Restate all the lines below word for word, but omit the pictures.
[Exercise data Boundary: Start]
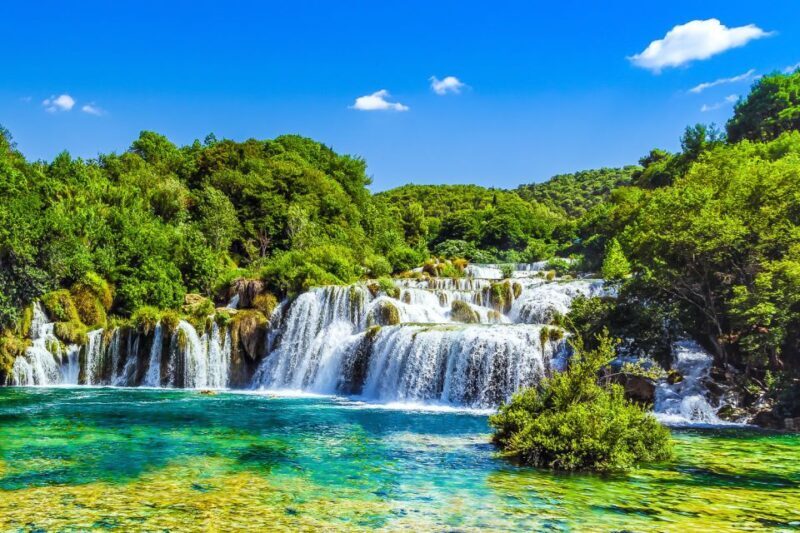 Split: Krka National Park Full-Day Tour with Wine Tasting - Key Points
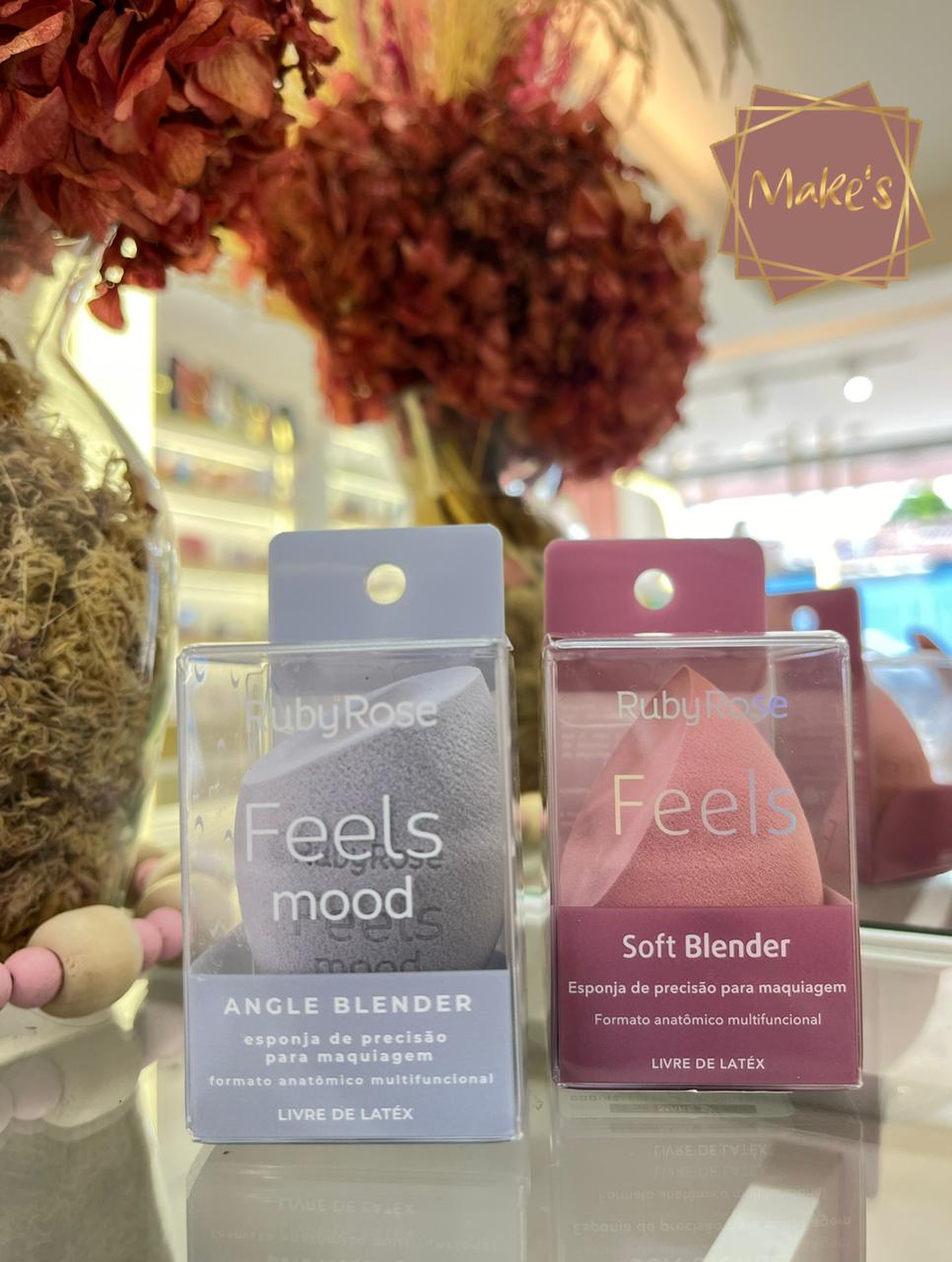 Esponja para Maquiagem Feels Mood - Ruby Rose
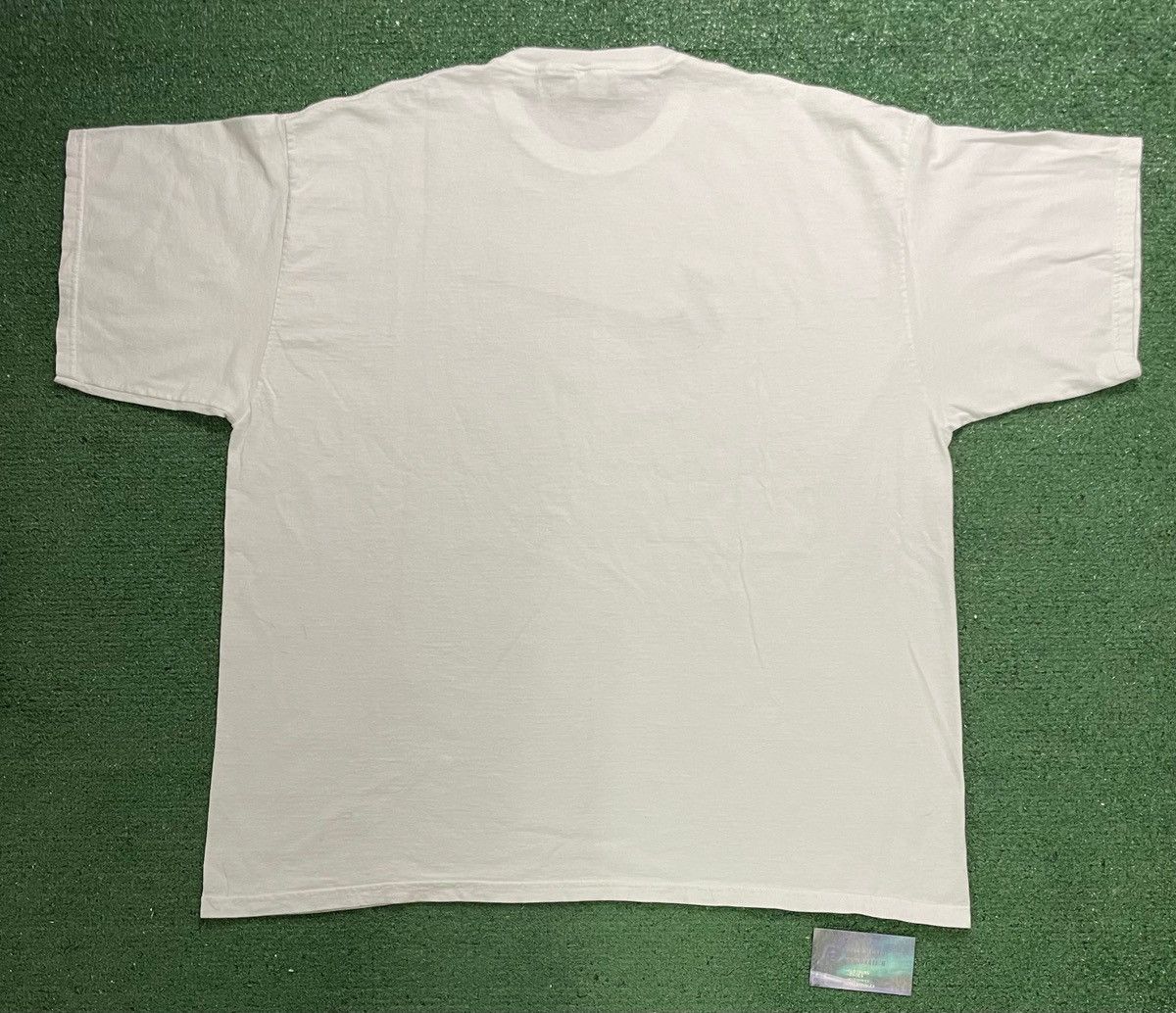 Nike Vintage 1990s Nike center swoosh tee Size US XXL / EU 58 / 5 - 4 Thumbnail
[Exercise data Boundary: End]
> Answer box:
 Split: Krka National Park Full-Day Tour with Wine Tasting - Key Points
 Esponja para Maquiagem Feels Mood - Ruby Rose
 Nike Vintage 1990s Nike center swoosh tee Size US XXL / EU 58 / 5 - 4 Thumbnail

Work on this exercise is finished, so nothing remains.